**Try it**
Without the pictures, repeat the listing character for character.

**Data shown**
[Start of section]
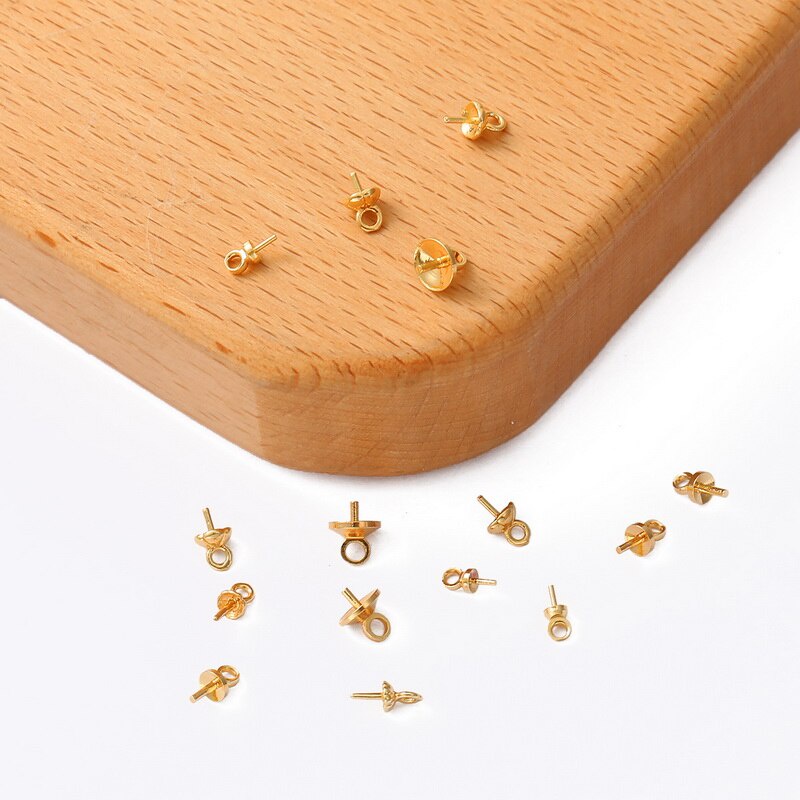 10Pcs 18K Gold Plated Copper Screw Eye Bails Beads End Caps Clasps Pins Connectors For DIY Pendant Jewelry Making Accessories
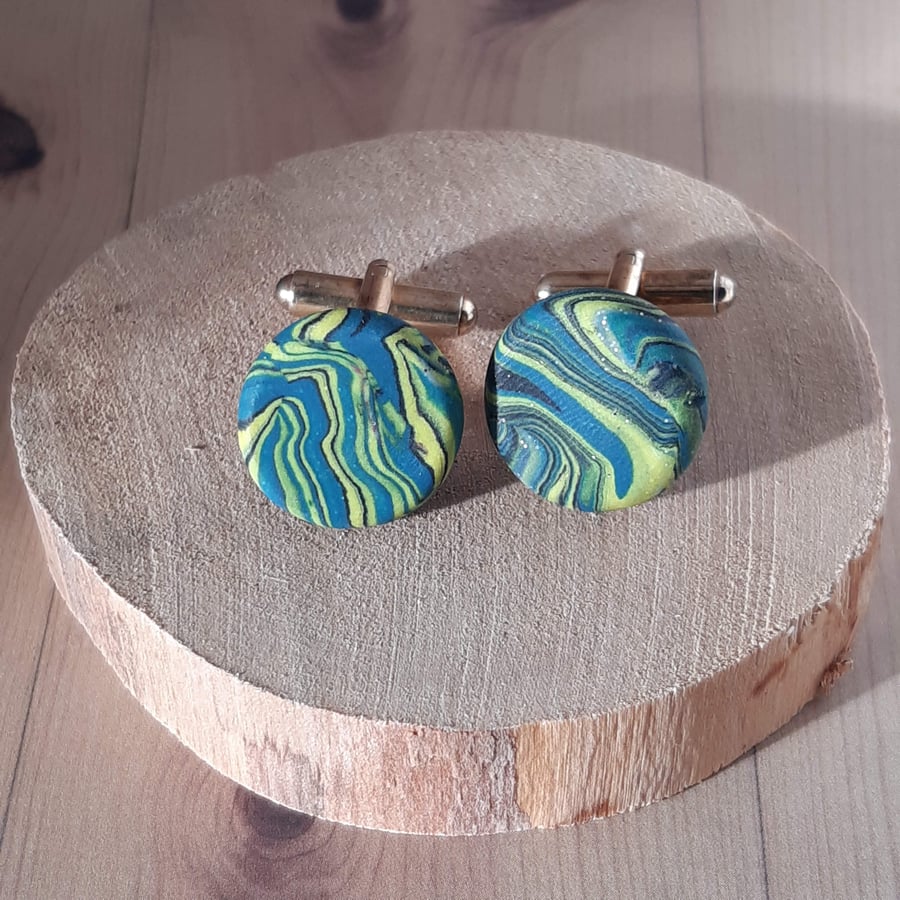 Citrus and blue polymer clay cufflinks with gift box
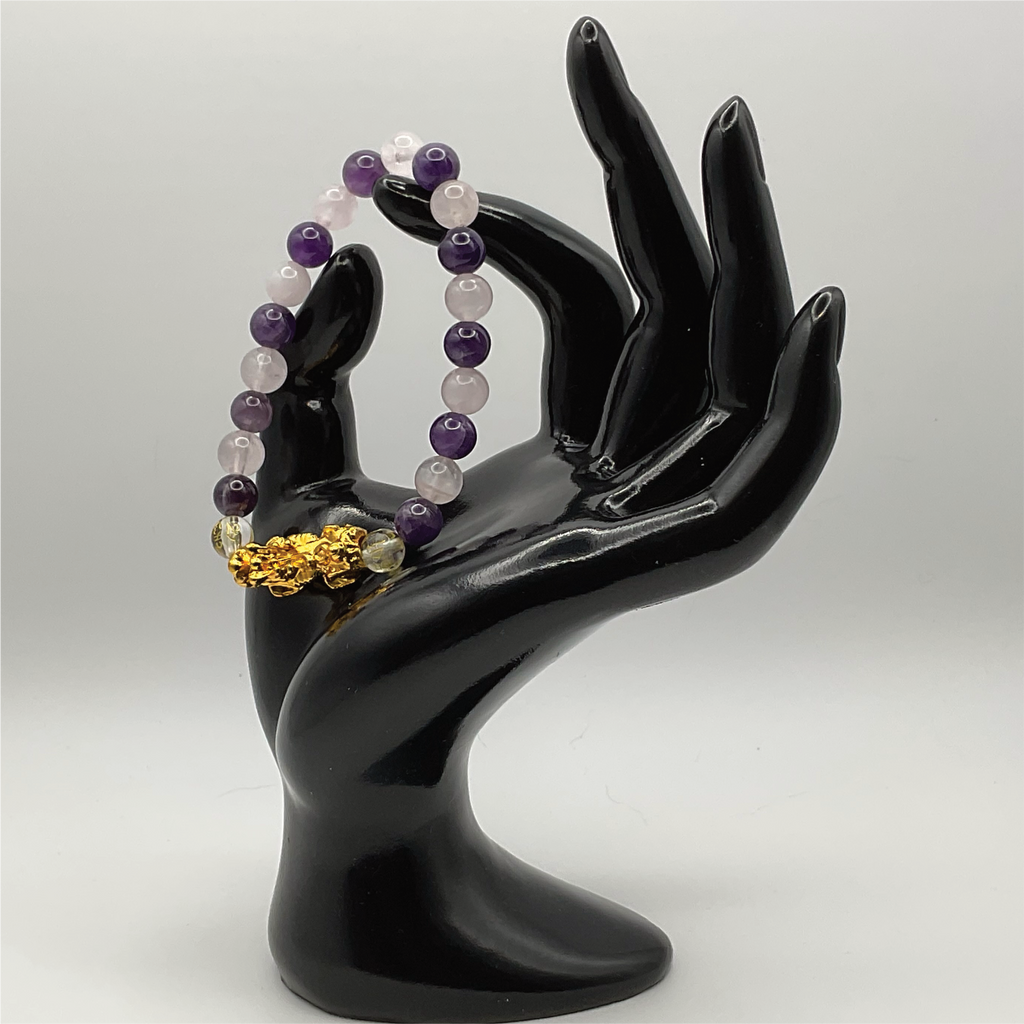 Amethyst Milky Quartz Clear Pixiu Dragon Charm Bracelet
[End of section]
**Completed exercise**
 10Pcs 18K Gold Plated Copper Screw Eye Bails Beads End Caps Clasps Pins Connectors For DIY Pendant Jewelry Making Accessories
 Citrus and blue polymer clay cufflinks with gift box
 Amethyst Milky Quartz Clear Pixiu Dragon Charm Bracelet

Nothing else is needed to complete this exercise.